TASK DETAILS | From the listing below, reproduce word for word the part that opens with the line containing "Shree rama chandra" and closes with the line containing "Over size T-Shirt"; reproduce nothing else.

ENTRIES PROVIDED |
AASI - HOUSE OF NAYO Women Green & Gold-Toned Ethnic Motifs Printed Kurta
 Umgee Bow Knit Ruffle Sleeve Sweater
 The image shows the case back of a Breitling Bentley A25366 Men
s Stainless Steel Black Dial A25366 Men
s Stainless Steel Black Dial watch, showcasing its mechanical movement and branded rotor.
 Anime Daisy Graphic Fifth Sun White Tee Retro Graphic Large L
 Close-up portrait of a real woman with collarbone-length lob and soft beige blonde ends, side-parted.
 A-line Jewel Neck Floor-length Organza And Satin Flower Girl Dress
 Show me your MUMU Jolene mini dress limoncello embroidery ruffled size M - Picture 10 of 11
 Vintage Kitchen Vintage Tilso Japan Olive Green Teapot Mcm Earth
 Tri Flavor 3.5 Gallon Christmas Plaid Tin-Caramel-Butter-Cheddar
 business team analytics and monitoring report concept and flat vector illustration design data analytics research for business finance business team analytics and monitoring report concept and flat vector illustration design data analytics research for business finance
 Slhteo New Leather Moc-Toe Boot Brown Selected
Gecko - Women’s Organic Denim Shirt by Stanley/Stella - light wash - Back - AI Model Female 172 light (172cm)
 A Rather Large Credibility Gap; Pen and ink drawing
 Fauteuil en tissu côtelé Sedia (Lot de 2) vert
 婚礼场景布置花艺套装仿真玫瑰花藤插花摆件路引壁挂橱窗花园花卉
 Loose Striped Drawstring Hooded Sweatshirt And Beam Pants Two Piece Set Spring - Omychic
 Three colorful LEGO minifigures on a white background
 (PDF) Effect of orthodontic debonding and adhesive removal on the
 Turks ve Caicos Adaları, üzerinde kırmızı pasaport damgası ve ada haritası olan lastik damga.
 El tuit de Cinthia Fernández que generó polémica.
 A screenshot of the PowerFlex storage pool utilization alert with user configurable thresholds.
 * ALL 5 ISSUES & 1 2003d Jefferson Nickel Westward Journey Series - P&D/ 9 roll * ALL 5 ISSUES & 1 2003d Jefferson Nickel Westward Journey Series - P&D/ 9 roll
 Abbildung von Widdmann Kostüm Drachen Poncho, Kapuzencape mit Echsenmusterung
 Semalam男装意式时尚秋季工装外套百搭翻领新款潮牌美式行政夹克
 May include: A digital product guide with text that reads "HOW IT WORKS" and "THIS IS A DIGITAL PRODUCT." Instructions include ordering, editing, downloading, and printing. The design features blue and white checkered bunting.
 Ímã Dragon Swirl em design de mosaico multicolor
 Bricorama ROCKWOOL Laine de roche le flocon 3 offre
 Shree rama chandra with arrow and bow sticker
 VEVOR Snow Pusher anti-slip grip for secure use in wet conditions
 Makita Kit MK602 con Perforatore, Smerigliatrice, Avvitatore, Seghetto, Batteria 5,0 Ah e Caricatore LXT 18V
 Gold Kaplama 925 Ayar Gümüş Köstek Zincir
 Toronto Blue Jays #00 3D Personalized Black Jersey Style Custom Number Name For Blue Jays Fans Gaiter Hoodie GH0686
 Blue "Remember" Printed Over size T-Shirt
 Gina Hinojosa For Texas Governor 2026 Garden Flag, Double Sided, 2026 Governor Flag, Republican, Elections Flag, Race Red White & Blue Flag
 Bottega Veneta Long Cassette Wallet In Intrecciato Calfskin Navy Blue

WRITTEN REPLY |
 Shree rama chandra with arrow and bow sticker
 VEVOR Snow Pusher anti-slip grip for secure use in wet conditions
 Makita Kit MK602 con Perforatore, Smerigliatrice, Avvitatore, Seghetto, Batteria 5,0 Ah e Caricatore LXT 18V
 Gold Kaplama 925 Ayar Gümüş Köstek Zincir
 Toronto Blue Jays #00 3D Personalized Black Jersey Style Custom Number Name For Blue Jays Fans Gaiter Hoodie GH0686
 Blue "Remember" Printed Over size T-Shirt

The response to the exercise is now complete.